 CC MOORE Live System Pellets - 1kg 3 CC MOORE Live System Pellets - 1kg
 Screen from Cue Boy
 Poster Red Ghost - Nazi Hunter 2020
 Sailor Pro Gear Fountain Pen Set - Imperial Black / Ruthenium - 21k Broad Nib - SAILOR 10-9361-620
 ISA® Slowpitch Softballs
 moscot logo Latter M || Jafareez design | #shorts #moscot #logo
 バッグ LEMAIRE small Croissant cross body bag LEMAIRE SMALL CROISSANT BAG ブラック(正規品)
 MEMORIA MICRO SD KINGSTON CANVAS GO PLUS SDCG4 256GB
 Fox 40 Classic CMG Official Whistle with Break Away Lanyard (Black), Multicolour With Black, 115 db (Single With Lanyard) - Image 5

------------------------------------

> _WHAT THE EXERCISE ASKS_
Wherever the word "Black" occurs in the data above, copy the line it sits in.

> _FINISHED EXERCISE_
 Sailor Pro Gear Fountain Pen Set - Imperial Black / Ruthenium - 21k Broad Nib - SAILOR 10-9361-620
 Fox 40 Classic CMG Official Whistle with Break Away Lanyard (Black), Multicolour With Black, 115 db (Single With Lanyard) - Image 5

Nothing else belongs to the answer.